HELOISE: Tips help maintain healthy lawns


Dear Readers: How does your lawn look? Here are some helpful hints for maintaining a healthy lawn.

When watering the lawn, give it a good soaking. Watering for too short a time or not using enough water leads to shallow, weaker roots. Watering at night or very early in the morning is better for the lawn and your water bill, because less water will be lost to evaporation.

Before mowing, look at the lawn to check for disease. Patches that are darker, droopy, wilted, bald or brown can signal that there may be disease. Remember that some cooler-season grasses will start to brown during the hot summer months.

The lawn does go through cycles to protect it from drought and excessive heat. This is normal, and one reason that the lawn might be brown.

Sharpen your lawn-mower blades once a year; dull blades don’t cut the grass well!
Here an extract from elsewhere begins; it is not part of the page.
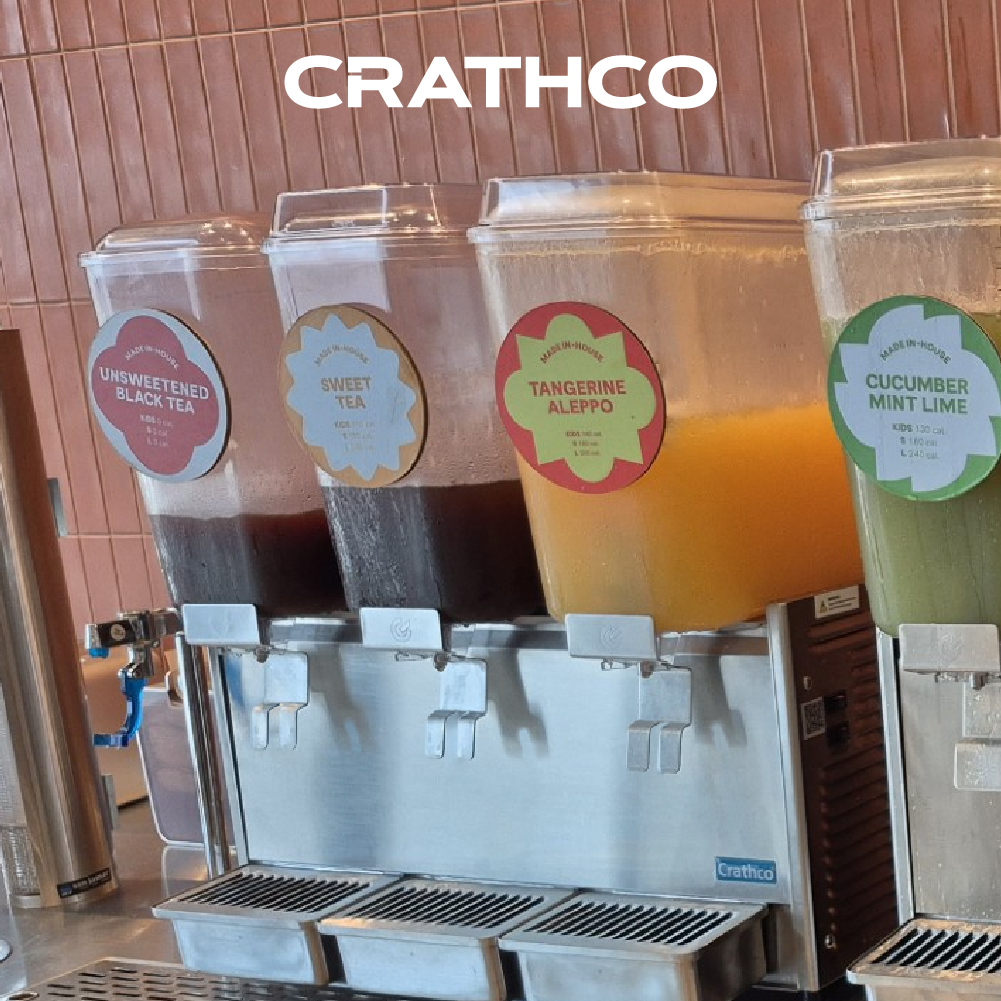 Crathco multi‑tank beverage dispenser serving assorted drinks including iced tea, tangerine aleppo, and cucumber mint lime juice in a commercial setup.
If you have specific questions about your lawn, contact a plant nursery, cooperative extension service or your local university’s plant-pathology department.

Heloise

Dear Heloise: I was cutting down my travel file and discovered that many of the road maps I had didn’t have a date on the front of them, especially those from hotel chains. A date would be so helpful in deciding which ones were outdated.

Sally in New Mexico

Dear Heloise: I worked in a veterinarian clinic for many years, and the doctor never had time to drink coffee. Then he took in a partner, and the first thing he did was buy a coffee maker, and I learned to make coffee. I don’t drink it, and my husband uses instant.

After a while, the coffeepot became clogged with mineral deposits, and I decided to clean it with vinegar. Well, apparently I didn’t get it rinsed out, and when the vet took a drink, he spit it out. He didn’t care for my “pickled coffee”!

Joan Huddleston, Laurel, Neb.

I love vinegar, but vinegary coffee is not on my “tasty” list! Vinegar is fabulous for so many things. For lots of other money-saving, easy-to-make cleaning solutions you might want to look at, send for my six-page Fantabulous Vinegar Hints and More pamphlet. To receive a copy, just send $5 and a long, self-addressed, stamped (61 cents) envelope to: Heloise/Vinegar, P.O. Box 795001, San Antonio, TX 78279-5001. For most cleaning jobs, use the cheap white or cider vinegar, and in cooking and foods, use the wine, malt and balsamic varieties.

Heloise

Dear Heloise: Here is a hint for those stubborn, tiny corks that are used to plug up shakers for salt and pepper. Often the corks dry up and shrink or get pushed into the shaker so far that it’s impossible to get them out. Soft, foam earplugs to the rescue! Squeeze an earplug and put it in the hole, and it will expand to fit.